Director’s responsibilities
It is your responsibility to manage the company in accordance with the Articles
of Association and company law.
Your main personal responsibility is to ensure that statutory documents are
delivered to the Registrar of Companies as and when required by the Companies
Act. In particular, you are required to file:
-
Accounts
-
Annual Returns (form 363)
-
Notice of change of directors’ and secretary or in their particulars (e.g.
change of address)
-
Notice of change of the company Registered Office (form 287)
What happens if accounts or annual returns are not filed?
As the company’s director, you could be prosecuted personally.
Failure to deliver documents on time is a criminal offence. On conviction, a
director could end up with a criminal record and a fine of up to £5,000 for
each offence.
Approximately 1,000 directors are prosecuted each year for failing to deliver
accounts and returns to the Registrar on time. Persistent failure to deliver
statutory documents on time may also lead to the director being disqualified
from taking part in the management of a company for a specified period.
What happens if accounts are delivered late?
Since you are the director of a Private Limited Company, you will normally have
a maximum of ten months from the accounting reference date in which to deliver
your company’s accounts to the Registrar of Companies.

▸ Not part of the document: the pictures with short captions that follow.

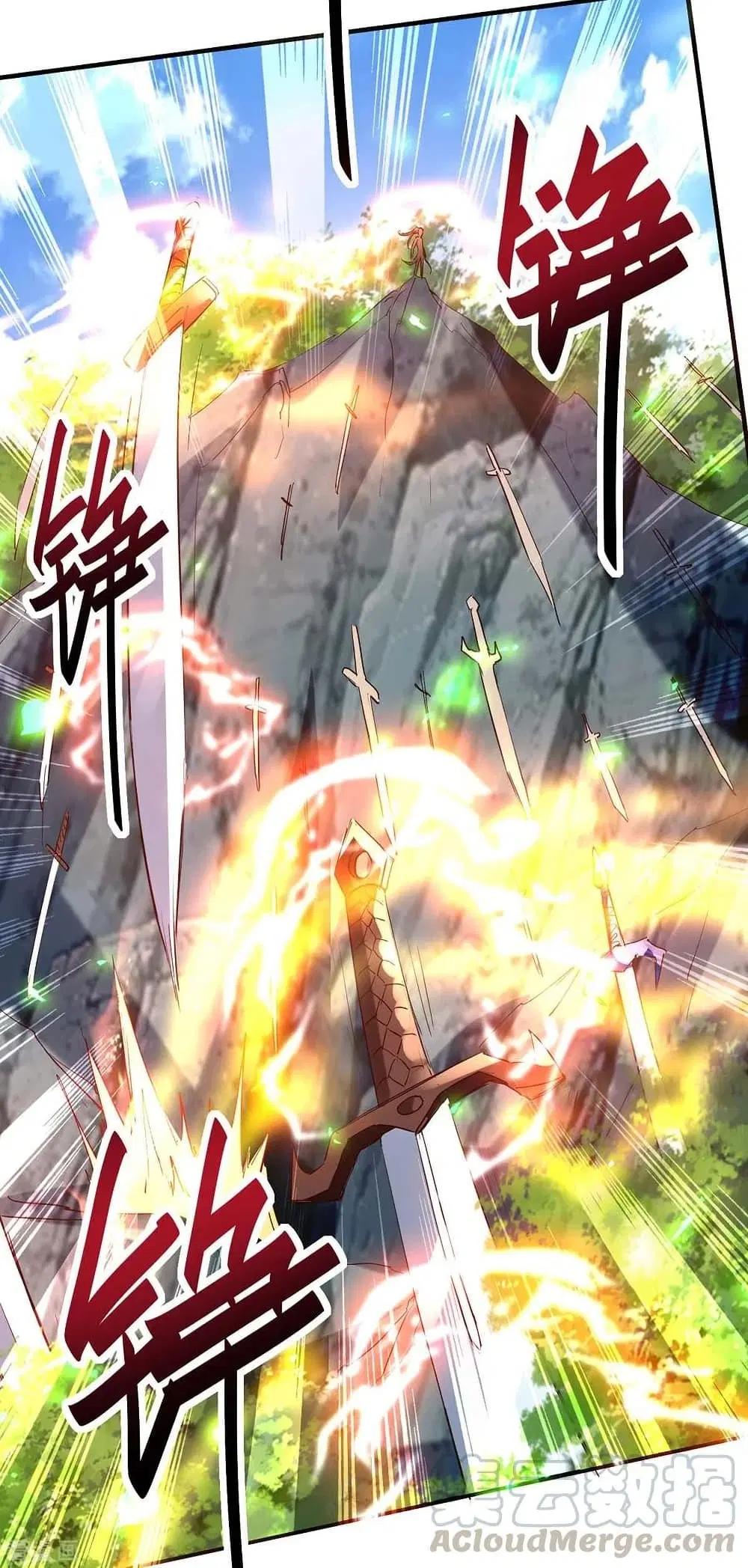 Return of Divine Emperor ตอนที่ 195 หน้า 6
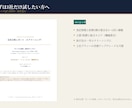 タイ企業の信用調査 財務を日本語で分析します 会計実務者がタイ語の原資料を分析。書面調査（実地確認なし） イメージ10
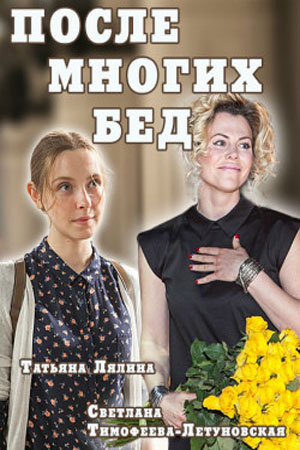 После многих бед  смотреть онлайн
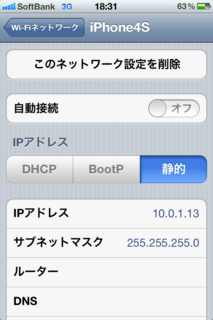 ʐ^ 11-10-30 18 31 06.png
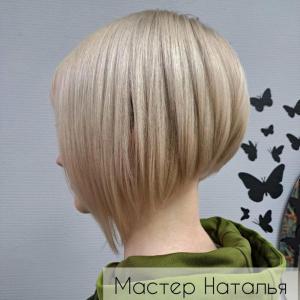 Фотография Beauty Bar 3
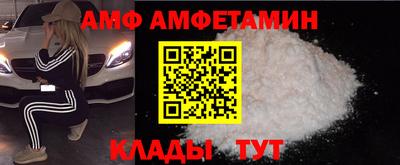 молекула духа Заволжье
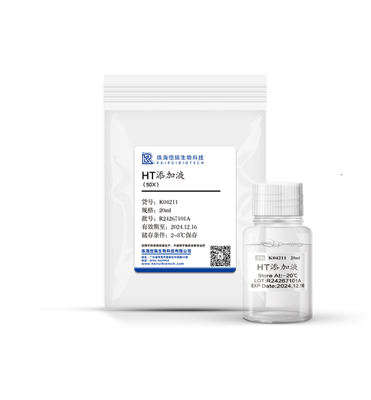 HT添加(jia)液(ye)
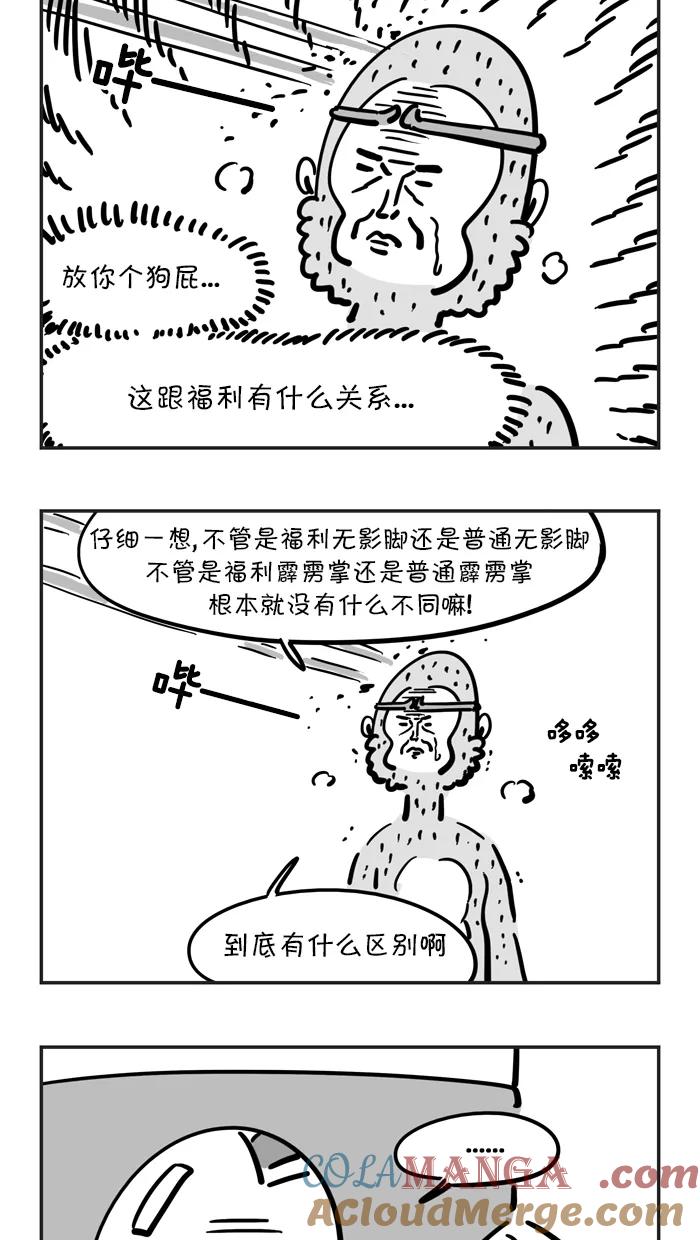 《疯狂西游记》[第60话] 不为人知的秘密 第9页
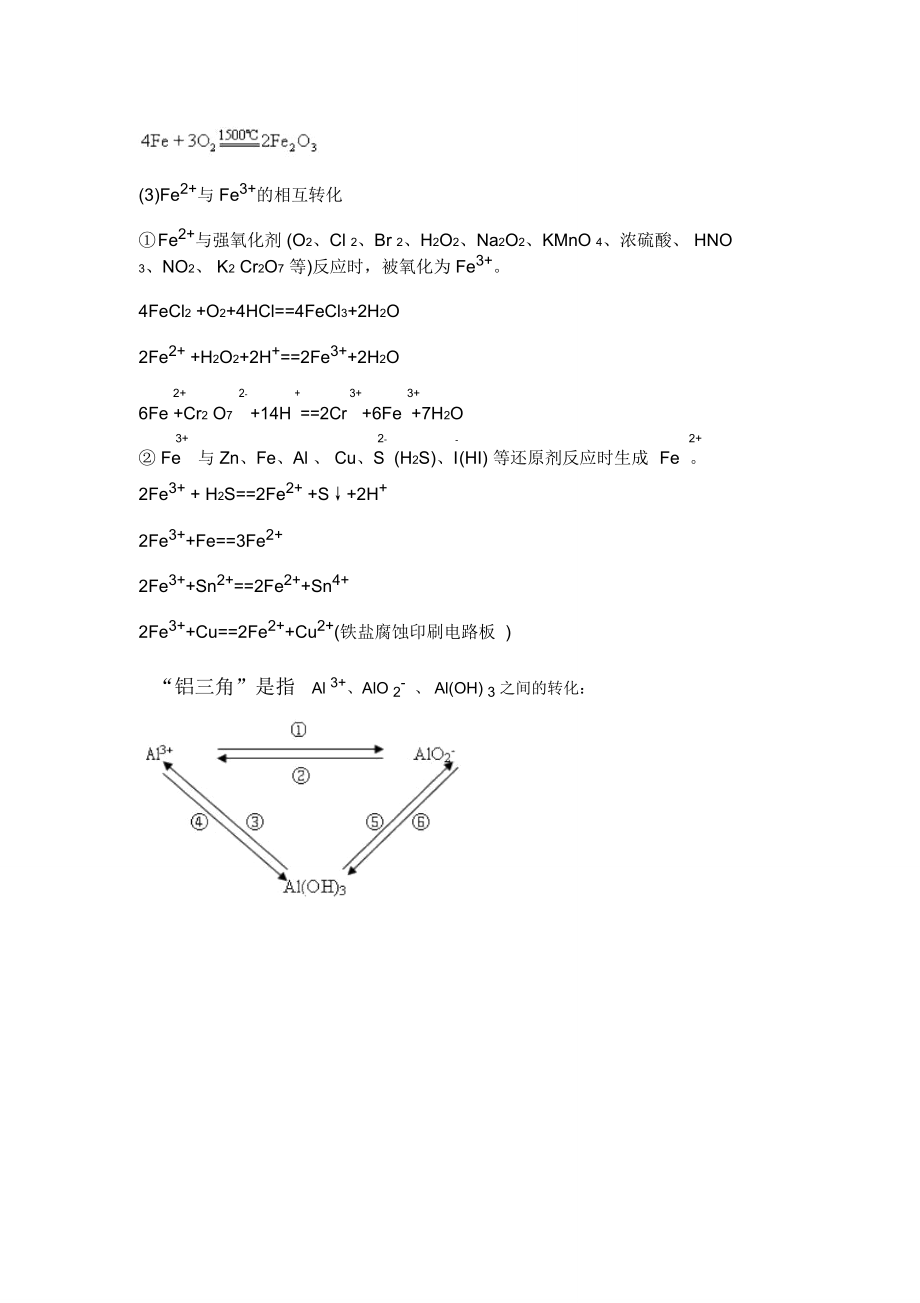 解析FeFe2Fe3的相互转化即铁三角.doc_第2页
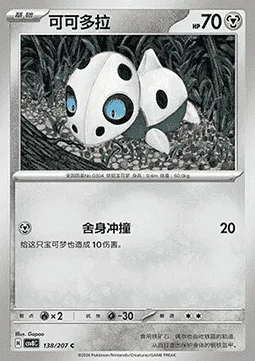 Aron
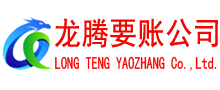 龙海清债公司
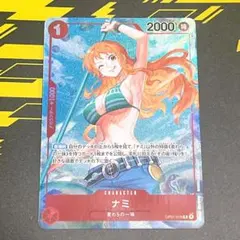 2026年最新】ワンピースカードゲーム パラレル ナミの人気アイテム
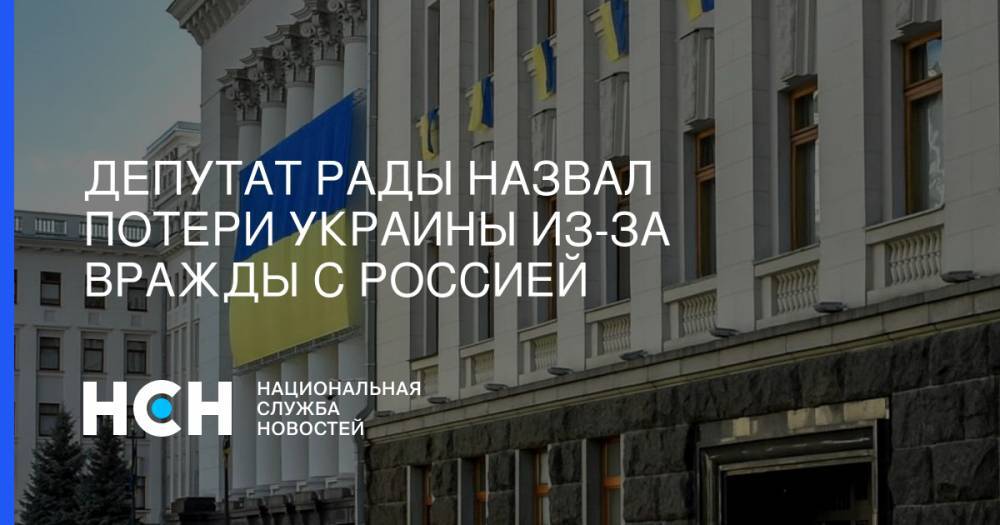 Вадим Новинский - Депутат Рады назвал потери Украины из-за вражды с Россией - nsn.fm - Россия - Украина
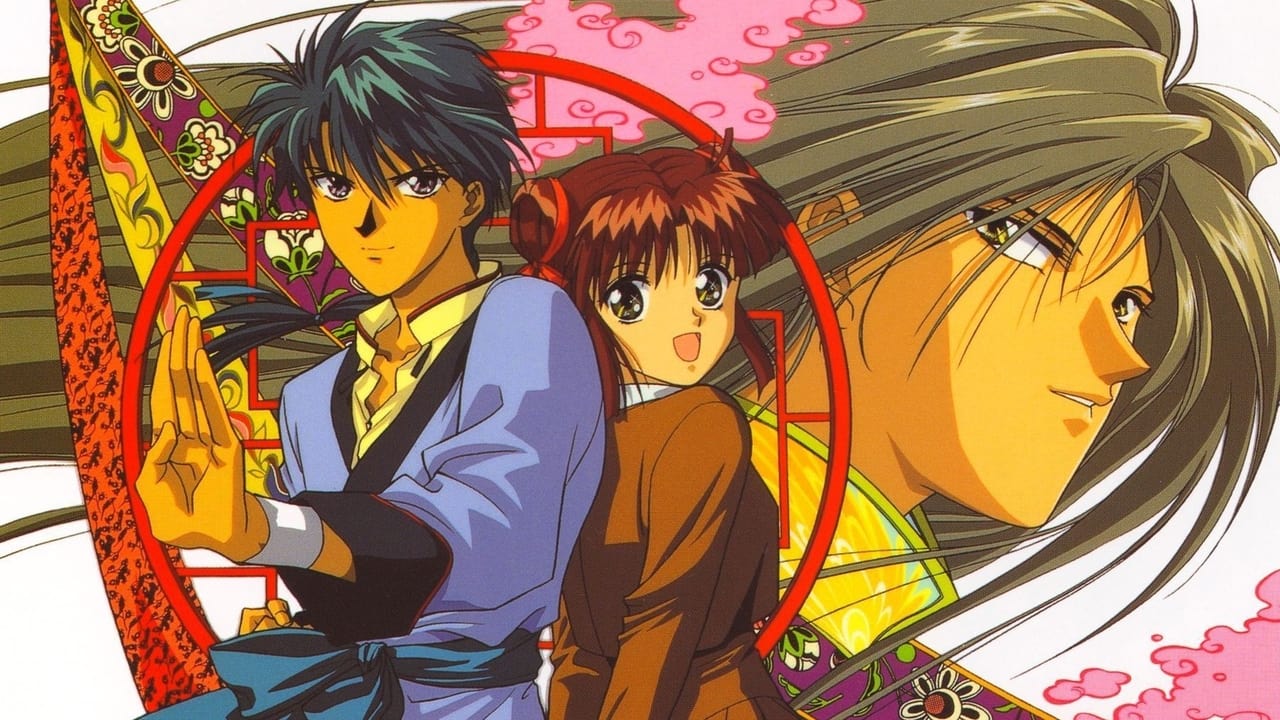 Poster della serie Fushigi Yugi: The Mysterious Play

If you file the accounts late, then the minimum fine is £100, which rises up to
a maximum of £1,000 if the accounts are more than one year late.
Corporation tax matters
In addition to filing the annual accounts with Companies House, you must also
file them with HMRC (Corporation Tax Inspector), together with a
corporation tax return (form CT600) and a corporation tax computation.
The corporation tax and forms must be filed within nine months of the company’s
year end date, following which a penalty of £100 is payable and interest may be
charged on overdue tax.
Payroll matters
As company director, it is your responsibility to fully comply with all payroll
regulations, including IR35 issues.
Including filing of the Employers Annual Return (form P35), form P60, P14,
P11D, P11D(b) and an IR35 calculation where appropriate.
You are required to make PAYE and National Insurance payments in due time
throughout the year by the due dates.
Isn’t my accountant supposed to be doing all of this?
Your accountants’ responsibilities depend on the agreement you have with them
and they are of course ethically bound to carry out all duties and
responsibilities for which they are instructed and paid.
It is however, your personal responsibility to ensure that the accounts and
other statutory documents, etc. are done as required by law and by the due
dates.
This responsibility rests with you as the director of the company and you will
need to ensure that your accountants have all of the necessary information to
prepare your accounts, payroll affairs, etc. If necessary, you may need to
chase them – don’t just assume that they are getting on with the job.
How can I avoid all of these responsibilities?
The most common and easiest way for a contractor to avoid all of the above
responsibilities is to use the services of an umbrella company.
With that system, you will almost certainly not be a company director and it
will be the responsibility of the umbrella company and it’s directors to ensure
that all director responsibilities are carried out.